Correct use of smash with math and root signs

Equalizing radicals is something of a black art.

The difference is due to the right hand side having parentheses. We can cope with this by adding \mathstrut in the left hand side denominator. But this makes TeX choose the next size for the radical. Using \smash[b]{...} for the denominator doesn't help.

The problem is that \tfrac imposes \textstyle, which has raised denominators. One could use \cramped from mathtools, but there's a slicker solution:

\documentclass{article}
\usepackage{amsmath}

\begin{document}

\[
\textstyle
\sqrt{\frac{1+2\cdot4a^2+(4a^2)^2}{\mathstrut 16a^2}}
=\sqrt{\frac{1+2\cdot4a^2+(4a^2)^2}{(4a)^2}}
\]

\end{document}

What you need to do is replace (4a)^2 in the second denominator with either \smash{(4a)}^2 or \smash[b]{(4a)}^2. This yields compact-looking square root terms, and it works with both \tfrac and \dfrac.

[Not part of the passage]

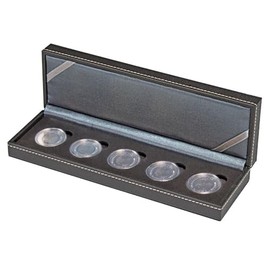 NERA Coin Case S for 5 pcs. German 5 Euro in capsules [Lindner S2362-5EK], incl. 5 matching LINDNER Coin Capsules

Observe that if you, alternatively, replaced 16a^2 in the first denominator with 16a^2\mathstrut, the two square root symbols would also have equal sizes. However, they would be much taller -- excessively and unnecessarily so, IMNSHO -- than with the adjustment suggested above.

\documentclass{article}
\usepackage{amsmath} 
\begin{document}
\[
 \sqrt{\dfrac{1+2\cdot4a^2+(4a^2)^2}{16a^2}}
=\sqrt{\dfrac{1+2\cdot4a^2+(4a^2)^2}{\smash{(4a)}^2}}
\]

\[
 \sqrt{\tfrac{1+2\cdot4a^2+(4a^2)^2}{16a^2}}
=\sqrt{\tfrac{1+2\cdot4a^2+(4a^2)^2}{\smash{(4a)}^2}}
\]
\end{document}

A simple \vphantom will do the trick. And, please, don't use the plain TeX construct $$ ... $$ for unnumbered displayed equations. Use [ ... \] instead.

\documentclass[11pt, a4paper]{article}
\usepackage{amsmath}

\begin{document}

\[ \sqrt{\tfrac{1+2\cdot4a^2+(4a^2)^2}{\vphantom{)}16a^2}} =\sqrt{\tfrac{1+2\cdot4a^2+(4a^2)^2}{(4a)^2}} \]

\end{document}